Em Niterói, tem um navio chamado “Irmã Dulce” que faltava 5% para terminar. Estava em 95%! Além disso, cancelaram quase todas as obras encomendadas, e os nossos trabalhadores não puderam realizar esse serviço e foram demitidos.
E o desemprego se espalha pela cadeia. Por isso temos mais de 14 milhões de desempregados.
Se são mais de dois milhões de desempregados na indústria, somente em função da Lava Jato, isso contamina vários setores. Comércio, serviços, setor hoteleiro, tudo vai derretendo.
Qual o perfil dos trabalhadores demitidos no setor metalúrgico?
O salário de alguns profissionais dos portos, que são soldadores, de alta capacitação técnica, são acima da média, na faixa dos R$ 3.000,00.

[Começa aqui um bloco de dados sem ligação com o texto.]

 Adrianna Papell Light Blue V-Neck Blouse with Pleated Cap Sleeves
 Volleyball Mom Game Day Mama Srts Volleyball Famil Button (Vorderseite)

Nem todos os estados com polos navais detinham uma mão de obra especializada. Então, receberam trabalhadores mais experientes de outras regiões, de polos navais mais estruturados, como Rio de Janeiro e Bahia. E tem também a mão de obra local, recém formada, recém capacitada. E milhares deles foram demitidos: tanto da mão de obra local, quanto dos migrantes.
No caso dos migrantes, a perda do emprego desconstrói a vida do trabalhador. Aí, ele precisa voltar para a cidade de origem, normalmente com pouco dinheiro, e sem ter o que fazer.
As cidades também são muito impactadas. Elas têm um crescimento rápido, com o polo naval, e isso começa a gerar problemas sociais. Só que esses problemas eram corrigidos com uma grande arrecadação. Era o caso de Rio Grande e Ipojuca, em Pernambuco, por exemplo. Com o desmonte da indústria nacional, acabou a arrecadação, mas os problemas continuam. E isso é trágico.
Muitas das empresas que quebraram em função da Lava Jato entraram com pedido de recuperação judicial. Nesses casos, os trabalhadores demitidos conseguem receber os direitos referentes à rescisão de contrato?
Nem sempre. No caso do estaleiro Mauá, no Rio de Janeiro, por exemplo, os trabalhadores demitidos sequer tinham o direito de receber a rescisão. Para mim, a maior corrupção que existe é deixar um pai de família sem condições de sustentar seus filhos. E é o que esses executivos estão fazendo, e isso passa despercebido no debate da corrupção.
O saldo, para os trabalhadores, não foi positivo nessa operação. Repito: cada prisão custa 22 mil empregos. Se continuar nesse ritmo, vão fechar todas as nossas indústrias.
Você enxerga no Poder Judiciário algum tipo de preocupação com os impactos econômicos da Lava Jato? Os juízes e procuradores estão abertos a ouvir as demandas do setor industrial e se mostram dispostos a minimizar o impacto econômico da operação?
Grande parte da Justiça já mostrou que é seletiva, partidarizada. Com eles, é difícil ter qualquer tipo de diálogo. Eles não estão nem um pouco preocupados com a indústria. Eles agora querem fazer acordos de leniência pensando nos bancos, porque o setor bancário também está envolvido nessa lama.
O que nós queremos é limpar essa lama, mas sem destruir o parque industrial. Quem tem culpa são as pessoas físicas! O mais grave é que, nas delações premiadas, o que está se mostrando é que o crime compensa.